They were married less than a year when Andrei Olenicoff died.
Dealing with the financial and legal issues was traumatic, painful and stressful, she said.
Olenicoff’s using her own experiences at Olenicoff & Zinser, which she started this year with an old colleague.
“I want to help other people deal with the issues I had to deal with,” she said.
She still is close to the Olenicoffs and often spends time with sister-in-law Natalia Olenicoff.
Olenicoff said she’s on a mission to make it on her own as she has her whole life.
In 1997, she and friends started Project Pears, a nonprofit that paired companies with high schools to sponsor SAT programs for students.
She went on to study law at USC and went to work as an associate lawyer at Westwood-based Troop Meisinger Steuber & Pasich LLP.
Olenicoff said she enjoyed practicing law but missed the creativity and challenges that come with starting a business.
She started a natural bath and body products company, 310, shortly after she began working at Troop Meisinger. 310 made lotions, face masks, hair products and other items with natural ingredients in East Los Angeles and sold to boutiques including Fred Segal.
While running 310, Olenicoff came up with the idea to make fabric, adhesive pads for absorbing under arm sweat in 2000.
Olenicoff tapped a local factory to make prototypes of her Garment Guard pads and started cold calling retail buyers.
She left Troop Meisinger to focus on 310 and Garment Guard and did legal work on the side.
In 2004, she sold 310 to a Northern California couple and switched her sole focus to Garment Guard.

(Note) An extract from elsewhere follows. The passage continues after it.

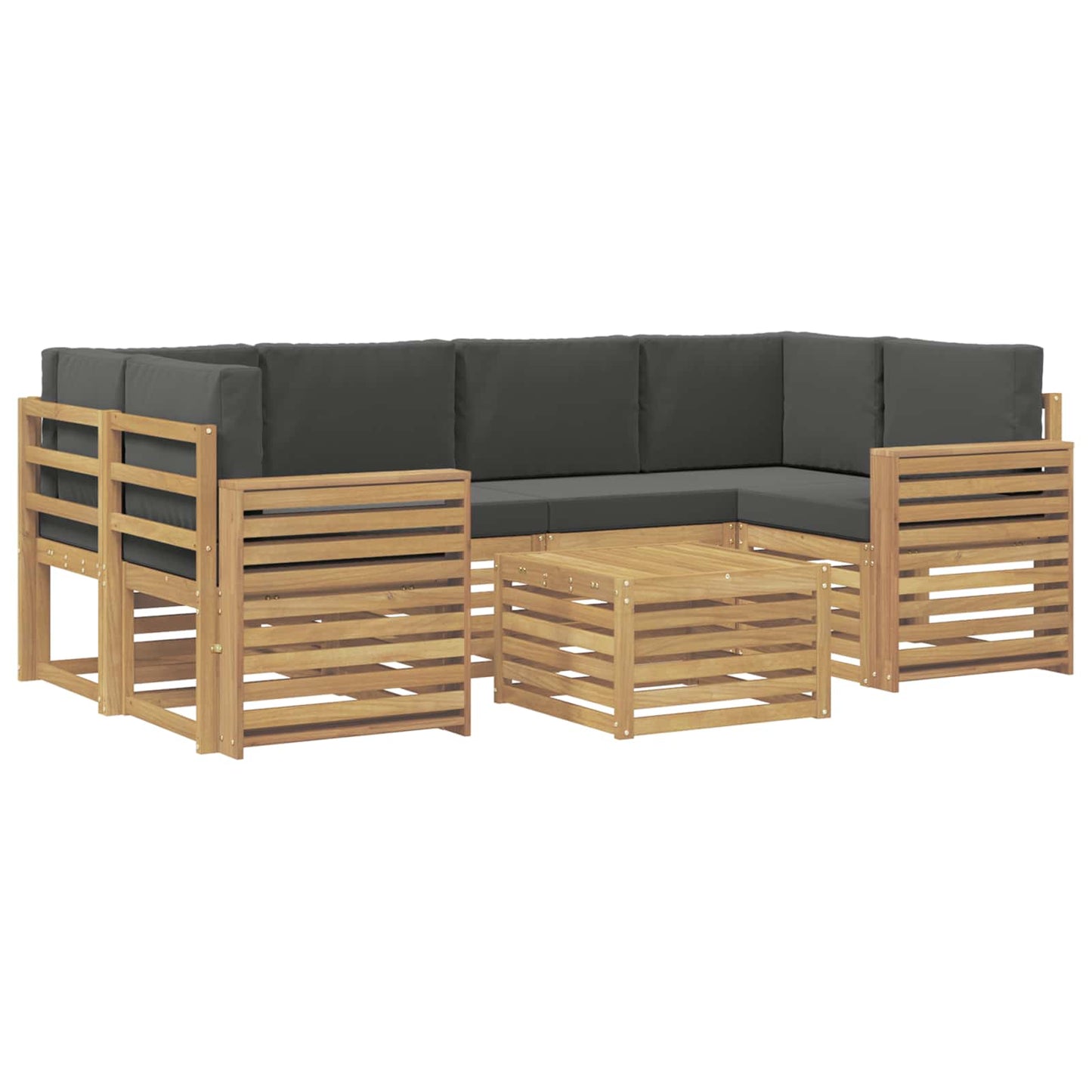 Buiten bankenset 7 pcs Wit en antracietkleurig Polyester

These days, products from Olenicoff’s Pond company are sold through Nordstrom Inc. and Drugstore.com Inc., among other retailers.
All of her products are made in America and stored at Pond’s 1,500-square-foot headquarters, where they’re packed and shipped off to stores by contract carriers.
The company could tap manufacturers overseas to make its products cheaper but opts to keep production local because it’s faster and there’s more quality control, she said.
Video Resumes
Future Resume.com LLC is looking to reach $3 million in sales this year with Web sites that allow job seekers to spruce up their resumes with short videos and let companies hold online videoconferences.
Futureresume.com lets people make free online profiles where they can upload resumes, cover letters and a short video they record themselves or have Future Resume produce at its 1,600-square-foot office.
The site also allows companies to create profiles where they can post job listings and upload corporate videos.
The company’s greenjobinterview.com site allows businesses to hold videoconferences with up to 16 parties.
Businesses pay a minimum of $50 for half-hour video conferencing sessions. Future Resume also provides Webcams with microphones for those that don’t own video conferencing equipment.
Brothers Theo and Greg Rokos came up with the idea to start Future Resume last year.
Greg Rokos has worked in the recruiting business for 17 years running Rokos Group, a Newport Beach-based executive search firm. Theo Rokos developed sales teams for three large companies.
Both said they came to understand the hiring needs of employers and job seekers.
Many companies spend a lot of money on the interview process from airfare to hotel stays for potential candidates, they said.
“The Web sites can help employers save money and time,” Greg Rokos said.
The Rokos have self-financed the business and are mum on how much they had to invest.
Future Resume has 11 employees and could have to hire more workers to handle sales, Theo Rokos said.